# Q2. Word Stemming

1. **Importance of Stemming in Text Analytics**

Stemming is the process of reducing a word to its base or root form. In text analytics, stemming is important because:

- Reduces Vocabulary Size: Words with the same root (e.g., running, runs, ran) are treated as a single token (run), reducing dimensionality in text analysis.

- Improves Consistency: Helps unify different word forms so that models recognize them as the same concept.

- Enhances Text Mining & ML Performance: Simplifies feature space for tasks like sentiment analysis, document classification, and information retrieval.

2. **Demonstrate Word Stemming**

In [1]:
import re
from nltk.stem import PorterStemmer, LancasterStemmer

# Load Data_1.txt
file_path = '../assets/dataset-a/Data_1.txt'
with open(file_path, 'r') as file:
    text = file.read().strip()

# Split text into words
words = text.split()
print("Original Words (first 20):")
print(words[:20])

# 1. Regex Stemmer (removes common suffixes)
def regex_stemmer(word):
    return re.sub(r'(ing|ly|ed|es|s|er)$', '', word)

regex_stems = [regex_stemmer(word) for word in words]
print("\nRegex Stemmer Output (first 20):")
print(regex_stems[:20])

# 2. Porter Stemmer
porter = PorterStemmer()
porter_stems = [porter.stem(word) for word in words]
print("\nPorter Stemmer Output (first 20):")
print(porter_stems[:20])

# 3. Lancaster Stemmer
lancaster = LancasterStemmer()
lancaster_stems = [lancaster.stem(word) for word in words]
print("\nLancaster Stemmer Output (first 20):")
print(lancaster_stems[:20])


Original Words (first 20):
['Classification', 'is', 'the', 'task', 'of', 'choosing', 'the', 'correct', 'class', 'label', 'for', 'a', 'given', 'input.', 'In', 'basic', 'classification', 'tasks,', 'each', 'input']

Regex Stemmer Output (first 20):
['Classification', 'i', 'the', 'task', 'of', 'choos', 'the', 'correct', 'clas', 'label', 'for', 'a', 'given', 'input.', 'In', 'basic', 'classification', 'tasks,', 'each', 'input']

Porter Stemmer Output (first 20):
['classif', 'is', 'the', 'task', 'of', 'choos', 'the', 'correct', 'class', 'label', 'for', 'a', 'given', 'input.', 'in', 'basic', 'classif', 'tasks,', 'each', 'input']

Lancaster Stemmer Output (first 20):
['class', 'is', 'the', 'task', 'of', 'choos', 'the', 'correct', 'class', 'label', 'for', 'a', 'giv', 'input.', 'in', 'bas', 'class', 'tasks,', 'each', 'input']


3. **Differences among Regex, Porter and Lancaster Stemmer**

| Stemmer               | Characteristics                                                    | Observations from Output                                                                                                                       |
| --------------------- | ------------------------------------------------------------------ | ---------------------------------------------------------------------------------------------------------------------------------------------- |
| **Regex Stemmer**     | Simple rule-based stemmer that removes common suffixes             | Produces inconsistent stems (`Classification -> Classification`, `choosing -> choos`, `class -> clas`).
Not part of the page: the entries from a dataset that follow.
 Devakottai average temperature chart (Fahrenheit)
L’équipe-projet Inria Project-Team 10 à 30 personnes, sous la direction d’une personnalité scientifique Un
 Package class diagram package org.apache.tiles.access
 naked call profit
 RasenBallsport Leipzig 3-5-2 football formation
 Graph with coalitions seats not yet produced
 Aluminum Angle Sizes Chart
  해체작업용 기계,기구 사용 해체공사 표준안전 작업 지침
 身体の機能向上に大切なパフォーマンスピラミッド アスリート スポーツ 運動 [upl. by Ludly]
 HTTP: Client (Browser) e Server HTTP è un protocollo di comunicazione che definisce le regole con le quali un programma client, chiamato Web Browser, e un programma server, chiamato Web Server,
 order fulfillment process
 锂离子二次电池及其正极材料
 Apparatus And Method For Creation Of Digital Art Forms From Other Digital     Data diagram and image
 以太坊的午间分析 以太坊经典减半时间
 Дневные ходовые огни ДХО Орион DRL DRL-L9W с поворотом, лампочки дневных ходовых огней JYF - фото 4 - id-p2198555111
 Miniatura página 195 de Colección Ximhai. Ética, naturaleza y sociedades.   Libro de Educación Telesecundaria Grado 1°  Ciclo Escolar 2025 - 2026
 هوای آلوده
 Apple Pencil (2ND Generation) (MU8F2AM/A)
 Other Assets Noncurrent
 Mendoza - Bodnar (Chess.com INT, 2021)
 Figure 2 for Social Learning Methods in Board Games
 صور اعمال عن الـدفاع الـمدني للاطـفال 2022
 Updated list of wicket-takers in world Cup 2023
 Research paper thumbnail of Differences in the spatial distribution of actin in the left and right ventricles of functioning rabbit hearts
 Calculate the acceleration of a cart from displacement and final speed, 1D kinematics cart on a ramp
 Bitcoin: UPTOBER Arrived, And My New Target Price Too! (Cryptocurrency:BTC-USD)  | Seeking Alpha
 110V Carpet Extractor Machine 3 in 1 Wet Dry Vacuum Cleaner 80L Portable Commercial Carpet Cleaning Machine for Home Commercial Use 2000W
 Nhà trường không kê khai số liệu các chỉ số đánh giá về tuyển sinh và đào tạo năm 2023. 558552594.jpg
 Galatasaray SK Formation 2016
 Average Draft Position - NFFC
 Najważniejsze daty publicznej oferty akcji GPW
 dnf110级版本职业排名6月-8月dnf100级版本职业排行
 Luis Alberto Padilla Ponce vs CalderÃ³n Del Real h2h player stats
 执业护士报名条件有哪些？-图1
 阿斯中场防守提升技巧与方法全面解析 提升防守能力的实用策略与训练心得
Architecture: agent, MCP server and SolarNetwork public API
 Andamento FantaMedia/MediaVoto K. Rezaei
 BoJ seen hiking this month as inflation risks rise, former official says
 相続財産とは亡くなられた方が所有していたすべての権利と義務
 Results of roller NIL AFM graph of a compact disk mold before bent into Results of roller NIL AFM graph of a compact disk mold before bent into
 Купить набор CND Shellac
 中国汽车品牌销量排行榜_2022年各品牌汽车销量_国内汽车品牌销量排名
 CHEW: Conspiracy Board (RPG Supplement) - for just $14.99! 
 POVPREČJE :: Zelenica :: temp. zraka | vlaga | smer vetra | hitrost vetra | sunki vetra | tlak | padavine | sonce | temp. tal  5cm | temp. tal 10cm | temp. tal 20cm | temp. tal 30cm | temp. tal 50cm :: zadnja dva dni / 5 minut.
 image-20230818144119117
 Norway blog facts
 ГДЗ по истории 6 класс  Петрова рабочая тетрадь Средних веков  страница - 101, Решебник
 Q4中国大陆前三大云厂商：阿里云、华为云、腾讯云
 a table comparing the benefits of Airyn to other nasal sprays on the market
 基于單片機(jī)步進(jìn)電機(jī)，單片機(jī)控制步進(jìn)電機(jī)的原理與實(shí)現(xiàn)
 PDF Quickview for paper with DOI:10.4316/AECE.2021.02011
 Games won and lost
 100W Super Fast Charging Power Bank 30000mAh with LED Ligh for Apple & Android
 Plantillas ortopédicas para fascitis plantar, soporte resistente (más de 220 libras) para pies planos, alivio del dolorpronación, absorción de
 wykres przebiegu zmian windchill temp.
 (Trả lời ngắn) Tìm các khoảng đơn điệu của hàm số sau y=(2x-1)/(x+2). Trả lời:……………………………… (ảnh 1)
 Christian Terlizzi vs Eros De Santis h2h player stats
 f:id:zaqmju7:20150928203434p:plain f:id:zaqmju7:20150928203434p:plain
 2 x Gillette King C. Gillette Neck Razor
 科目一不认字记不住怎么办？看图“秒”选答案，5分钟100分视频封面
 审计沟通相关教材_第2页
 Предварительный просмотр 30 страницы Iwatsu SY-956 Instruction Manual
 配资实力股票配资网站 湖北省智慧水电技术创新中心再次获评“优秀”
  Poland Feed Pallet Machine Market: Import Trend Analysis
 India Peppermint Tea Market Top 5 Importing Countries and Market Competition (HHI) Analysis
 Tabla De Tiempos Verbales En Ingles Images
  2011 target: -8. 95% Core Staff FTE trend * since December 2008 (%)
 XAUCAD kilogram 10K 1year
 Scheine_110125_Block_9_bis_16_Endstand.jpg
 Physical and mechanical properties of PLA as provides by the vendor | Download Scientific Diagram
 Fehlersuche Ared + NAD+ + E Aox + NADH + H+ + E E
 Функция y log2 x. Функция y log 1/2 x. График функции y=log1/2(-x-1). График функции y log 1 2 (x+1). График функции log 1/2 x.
Does not always reduce words effectively. |
| **Porter Stemmer**    | Moderate rule-based algorithm for English; balances aggressiveness | Produces more consistent stems (`Classification -> classif`, `choosing -> choos`, `class -> class`). Keeps some word meaning intact.              |
| **Lancaster Stemmer** | Aggressive, short-stemmer algorithm                                | Produces the shortest stems (`Classification -> class`, `choosing -> choos`, `given -> giv`, `basic -> bas`). Can over-stem, losing some nuance.   |

- Regex Stemmer is customizable but naive.
- Porter Stemmer is widely used in NLP and balances accuracy and stemming aggressiveness.
- Lancaster Stemmer is very aggressive; it reduces words more drastically, which can sometimes remove important meaning.

Conclusion:

Regex is good for quick rules, Porter is good for general NLP tasks, and Lancaster is suitable when aggressive reduction is needed.
Choice depends on the task goal, e.g., text classification vs. detailed linguistic analysis.